==== EXTRACTED INFORMATION

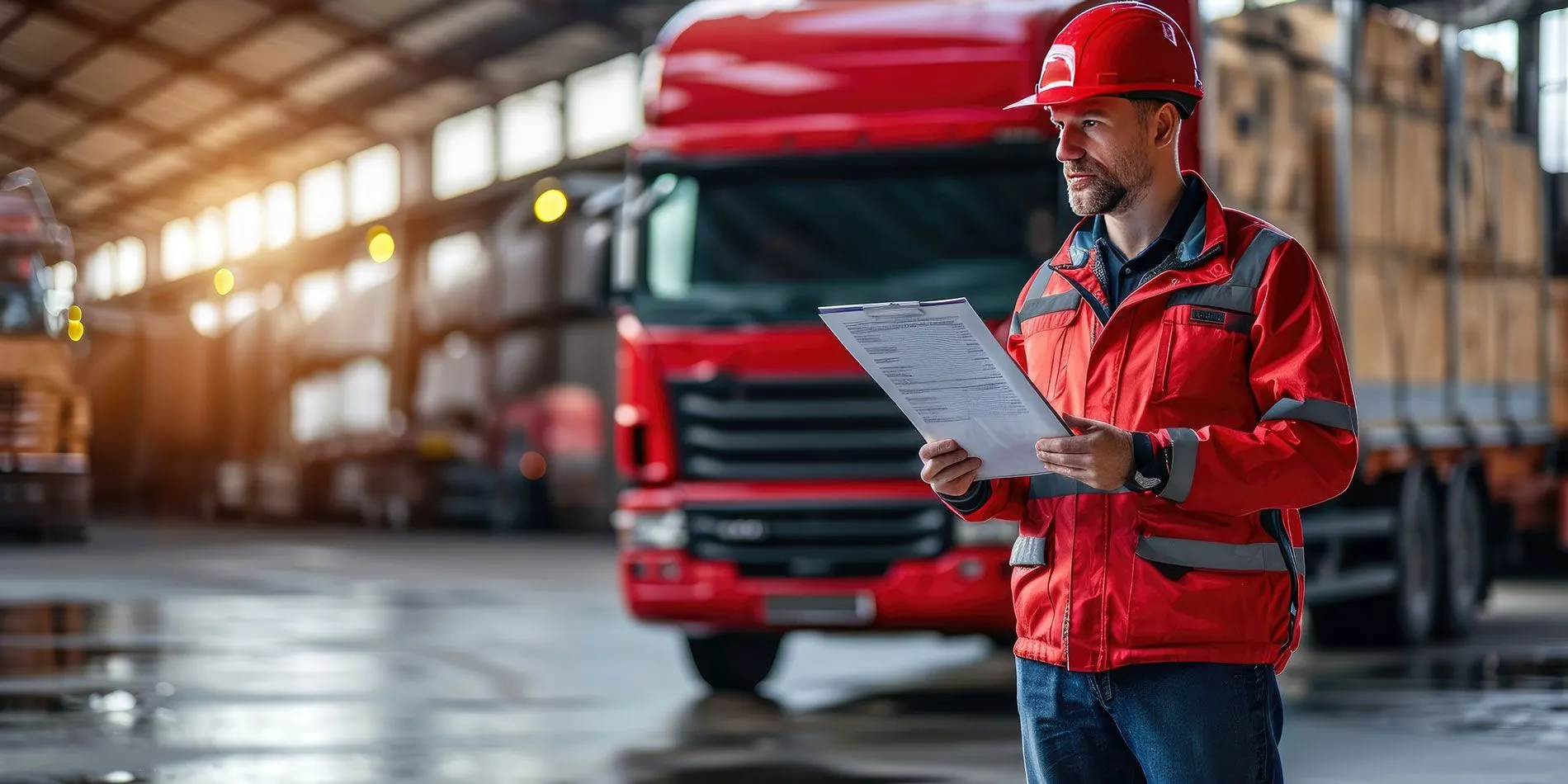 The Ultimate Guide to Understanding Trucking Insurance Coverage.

========
==== EXTRACTED INFORMATION

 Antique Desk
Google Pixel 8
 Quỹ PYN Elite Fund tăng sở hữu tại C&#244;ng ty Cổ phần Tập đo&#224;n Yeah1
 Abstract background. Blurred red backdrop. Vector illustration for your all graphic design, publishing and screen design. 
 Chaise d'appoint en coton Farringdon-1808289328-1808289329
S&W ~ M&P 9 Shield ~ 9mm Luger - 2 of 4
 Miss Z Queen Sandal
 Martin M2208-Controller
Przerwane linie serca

========

All that is wanted is a faithful reproduction of the line above with "Google Pixel 8", the line with "Przerwane linie serca", and every line in between.

Google Pixel 8
 Quỹ PYN Elite Fund tăng sở hữu tại C&#244;ng ty Cổ phần Tập đo&#224;n Yeah1
 Abstract background. Blurred red backdrop. Vector illustration for your all graphic design, publishing and screen design. 
 Chaise d'appoint en coton Farringdon-1808289328-1808289329
S&W ~ M&P 9 Shield ~ 9mm Luger - 2 of 4
 Miss Z Queen Sandal
 Martin M2208-Controller
Przerwane linie serca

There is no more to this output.